JelloFish · April 18, 2002, 9:12am

I’m certain and according to source safe I was already 4 byte aligning, but today when I switch back to 4 byte everything seems to work fine. I think it might be a deeper bug(or something that had more to do with another piece of code than the alignment).
Hopefully the bug will reoccur and I can track it down.

wimmer · April 19, 2002, 5:02am

so are you on nv20 (gf3) or nv10 (gf2)?

Michael

Devulon · April 19, 2002, 5:09am

memcpy is fast but not the fastest. THe main reason memcpy is slow is that it copies one byte at a time. If you are using floats for the verts (which you probably are) you need to copy 4 bytes at a time. Wait I am on to something 4 bytes = 32 bits. Which is a float.

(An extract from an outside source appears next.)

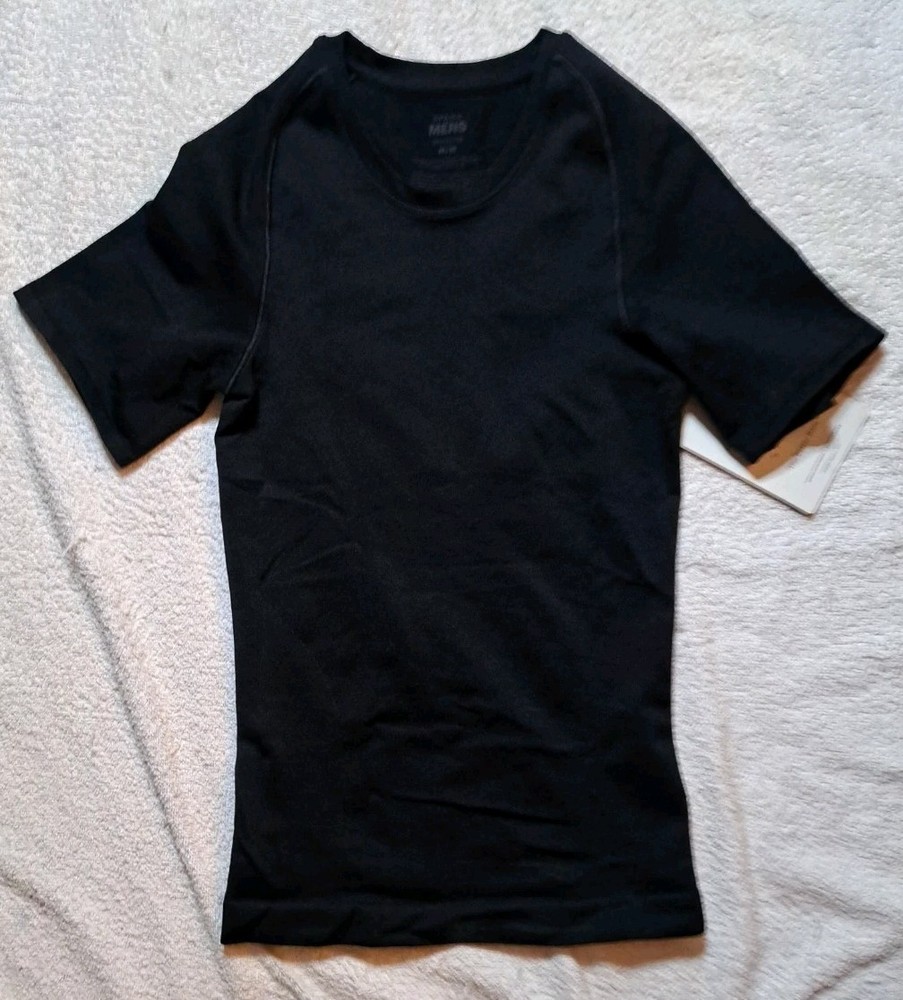 Spanx Seamless Crew Undershirt Mens Medium Black Ultra Sculpt 60012R New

Learn to program assembly. Its four lines to write a memcpy function that copies 4 bytes at a time. I wish I could give you source but to be honest its been a while since I have done it. (Although I really should get back into the habit). Let me go look at the intel website and I will post the code.

Devulon

wimmer · April 19, 2002, 9:50am

There is source for plenty of memcpy routines available on the net.

As jwatte pointed out, memcpy is actually very fast for AGP/Vidmem, and I don’t think you will need anything faster for any real-world application (at least not until AGP8x or more comes out…)

Michael

system · April 19, 2002, 10:17am

I beleive there are better versions of memcpy that copy 32 bits at a time, and can handle non 4 byte divisible array sizes. I already have something like this.

I havent tried it, but I heard using MMX is better for this since you can move 64 bits at a time.

Does anyone know if there are instructions for copying large chunks of data? Something that can move 1 KB with a single instruction perhaps?

V-man

imported_jwatte · April 19, 2002, 7:01pm

Please, people, read the fine source before posting on this forum. If you don’t, you’ll just end up perpetuating bad myths.

The MSVC implementation of memcpy() turns into a REP MOVSD, which copies 32 bits at a time, with minimal loop overhead. Any optimized UNIX libc will do a similar thing.

The issue is more that the CPU is so much faster than the memory subsystem these days, that copying longwords is not really faster than copying bytes :-/

When copying to cached memory, memcpy() wastes a lot of time write-allocating cache lines, which leads to pretty poor performance. Any “plain” instruction copy operation will have the same problem. The way to get copy to cached memory to go fast is to bypass the cache for the output buffer, or if you’re on AMD or PPC, to pre-clear the output buffer cache lines.

When writing TO AGP memory, you’re writing to un-cached memory, so the write allocation is not a problem. You can get some amount of speed-up by properly streaming DRAM pages and pre-warming the cache for the input buffer, but that’s about it. And it’s not like the ratio CPU : Memory speed will go DOWN anytime soon, so it’s only bound to get mooter.